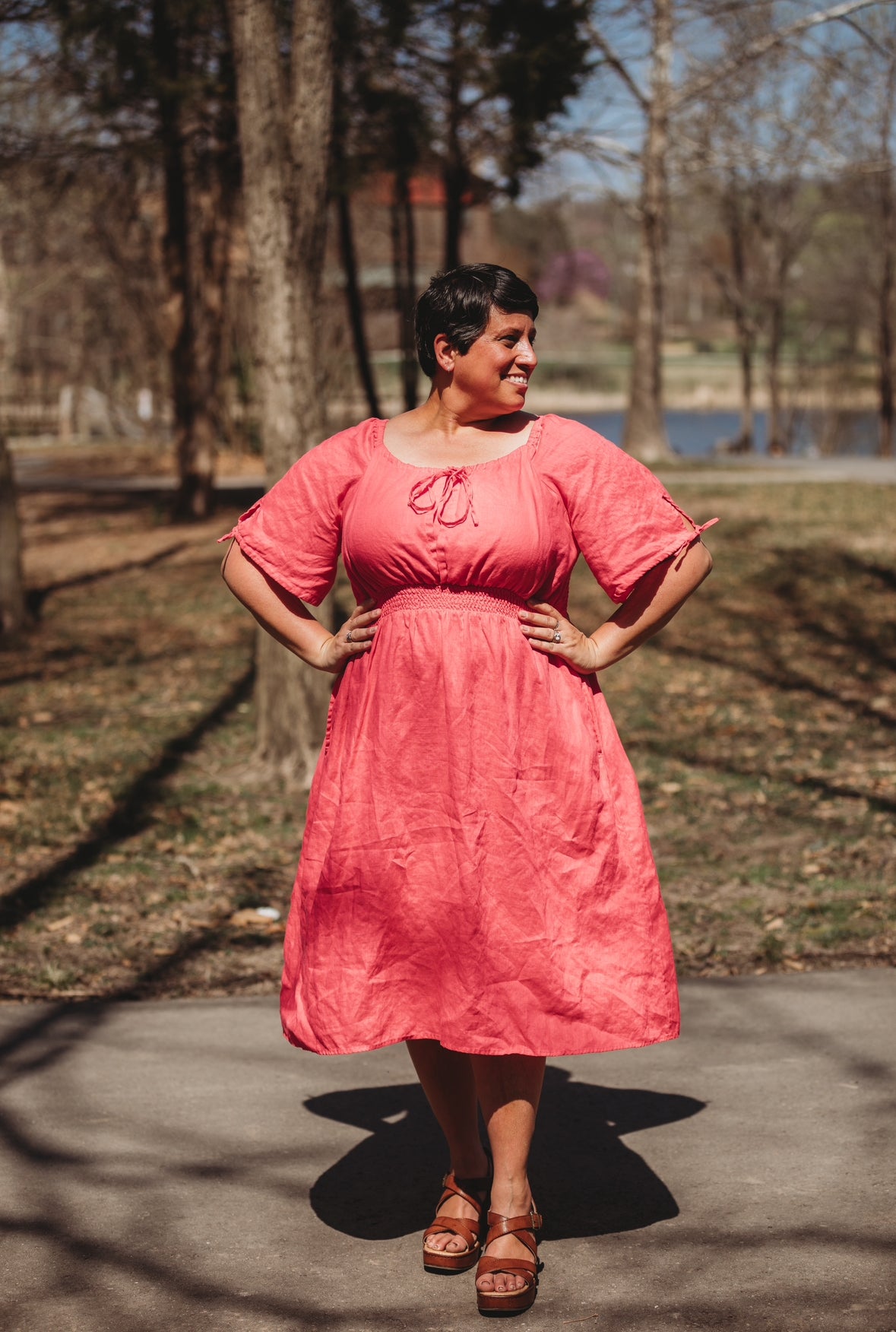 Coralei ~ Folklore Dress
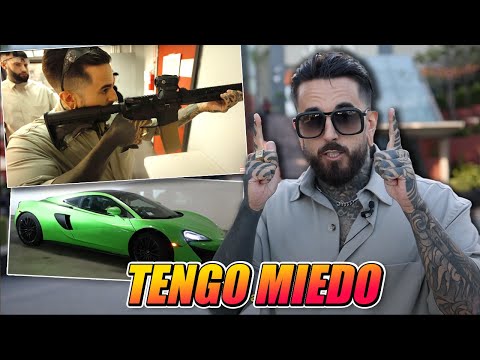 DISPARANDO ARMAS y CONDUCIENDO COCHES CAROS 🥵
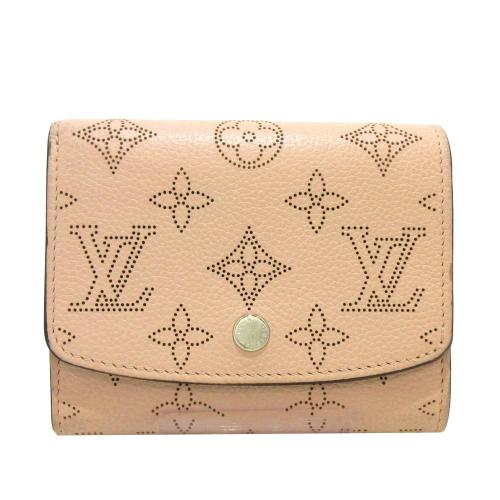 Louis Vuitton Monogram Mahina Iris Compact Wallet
··········
__Your instructions__
Take the line with "DISPARANDO ARMAS y" and each line after it through the end of the material above, and reproduce them exactly, both ends included, without pictures.

__Finished exercise__
 DISPARANDO ARMAS y CONDUCIENDO COCHES CAROS 🥵
 Louis Vuitton Monogram Mahina Iris Compact Wallet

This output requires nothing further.